La temió con fuerza y anticipación, como a esas mujeres que, desde la lejanía, se antojan inquietantes, implacables y, por supuesto, inaccesibles.

Pisaba un suelo agotado por los reproches y los malentendidos.

Un firme descarnado y en llamas que los avocaba al terraplén del silencio y su coyuntura.

Pretendió sonreír con cierta gallardía y se encontró sosteniendo su cuerpo para que no se derrumbara en la tormenta del llanto menos reparador.

Miraba el techo pretendiendo evadirse de esas cuatro blancas paredes que le enjaulaban en un ataúd de recuerdos y nostalgias.
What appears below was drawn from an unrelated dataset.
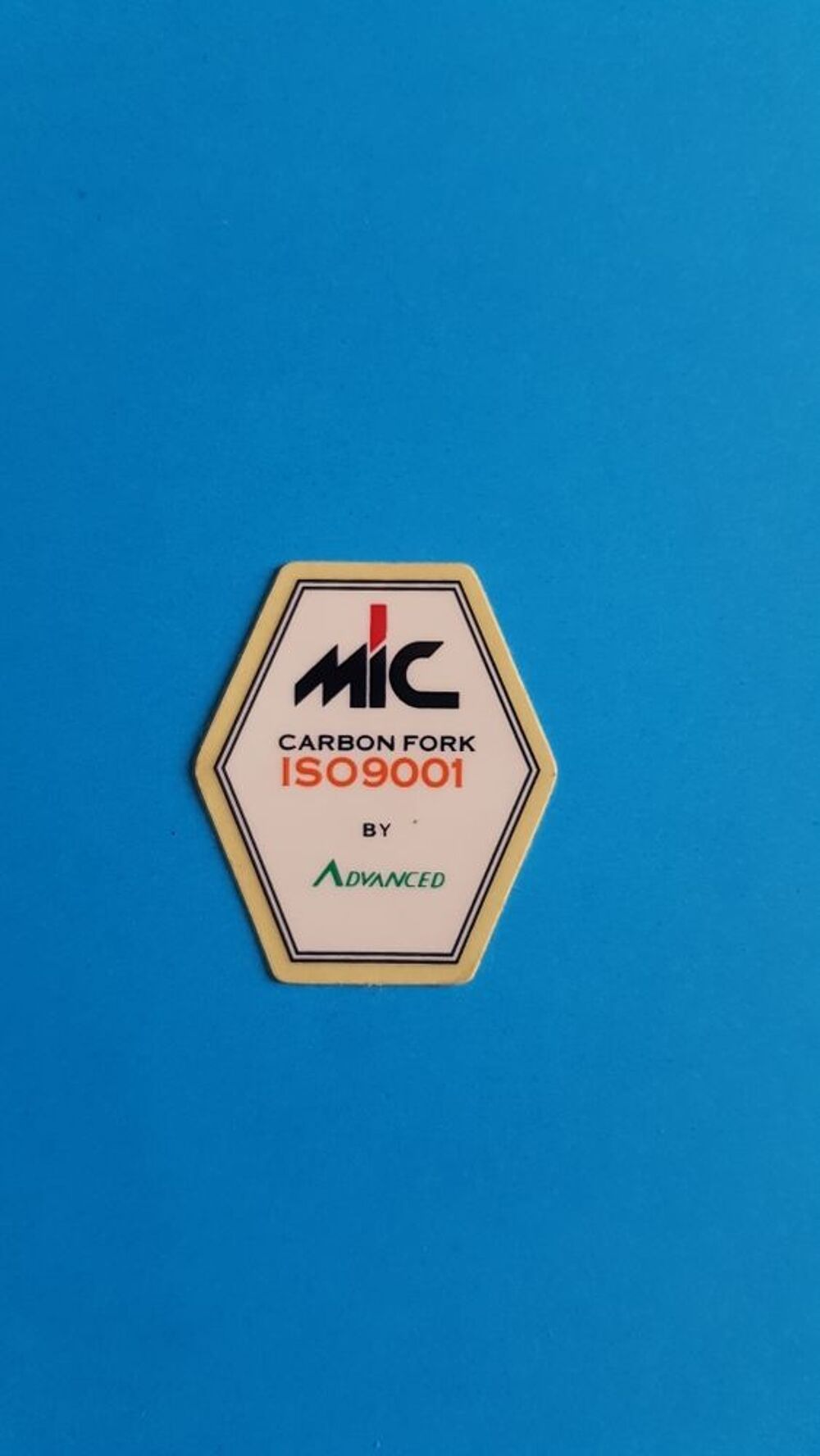 MIC * CARBON FORK Vélos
Odió esa ciudad y las consonantes repetidas en pequeñas palabras que se juró evitar pronunciar.

Con los pasajes en la mano, los viajes planeados parecen más cercanos a concluir.

Con los labios recién besados, los miedos se presentan como fantasmas de carne y hueso, sonrisas inquietantes y gestos humanos.

Alguien, en el ínterin del sótano al ático, estimó conveniente apagar la luz de la habitación y permitir que la música continuara sonando.

Como si las historias no se acabaran aunque el público ya se hubiera marchado.

Como si retumbaran en sordina.

Como si llegaran al igual que lo hacen los ecos de las ciudades desconocidas y odiadas.